##### GIVEN DATA
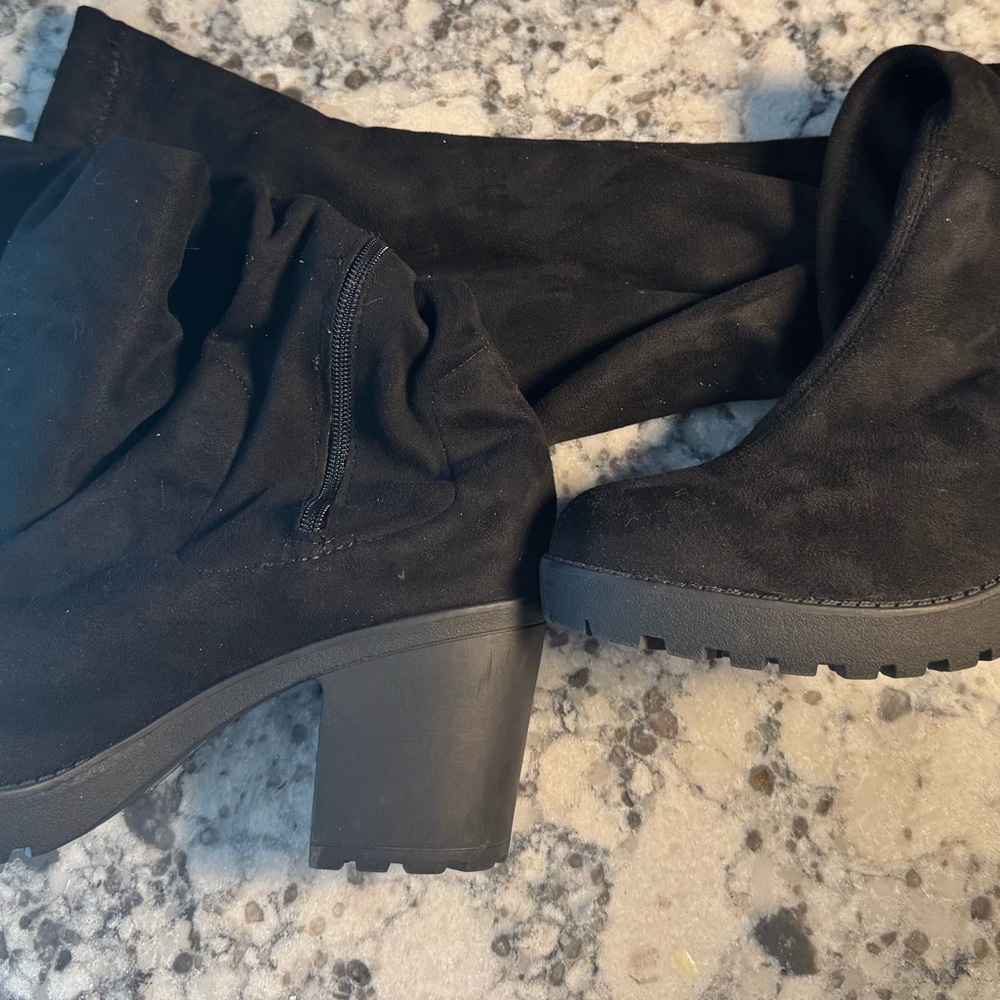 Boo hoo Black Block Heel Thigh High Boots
##########
##### GIVEN DATA
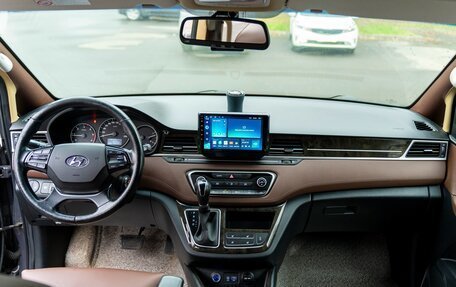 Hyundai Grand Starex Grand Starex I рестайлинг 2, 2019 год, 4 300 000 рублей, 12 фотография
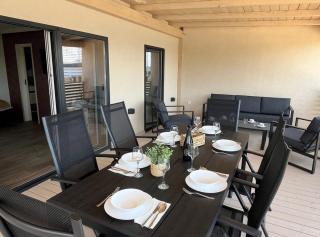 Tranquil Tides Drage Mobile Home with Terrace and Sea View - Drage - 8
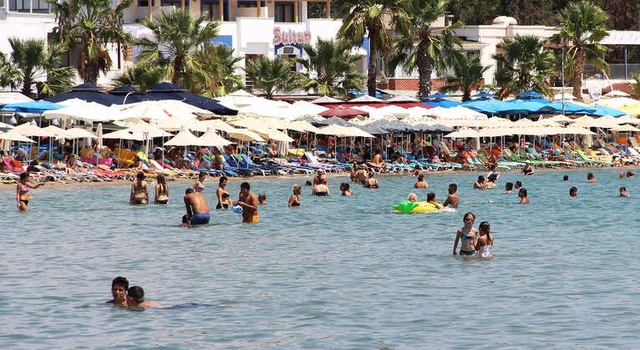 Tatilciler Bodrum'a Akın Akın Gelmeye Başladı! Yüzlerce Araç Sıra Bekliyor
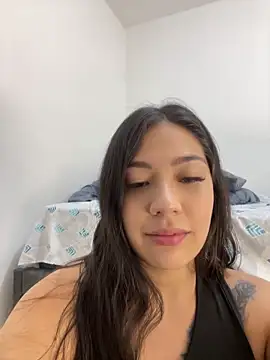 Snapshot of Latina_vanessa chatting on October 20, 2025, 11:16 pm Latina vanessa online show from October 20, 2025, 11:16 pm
##########
EXERCISE DETAILS: Find where the line with "Hyundai Grand Starex" sits in the material above and where the line with "Snapshot of Latina_vanessa" sits. Set down exactly the lines from the first to the second, both included and nothing else, without pictures.

ANSWER BOX:
 Hyundai Grand Starex Grand Starex I рестайлинг 2, 2019 год, 4 300 000 рублей, 12 фотография
 Tranquil Tides Drage Mobile Home with Terrace and Sea View - Drage - 8
 Tatilciler Bodrum'a Akın Akın Gelmeye Başladı! Yüzlerce Araç Sıra Bekliyor
 Snapshot of Latina_vanessa chatting on October 20, 2025, 11:16 pm Latina vanessa online show from October 20, 2025, 11:16 pm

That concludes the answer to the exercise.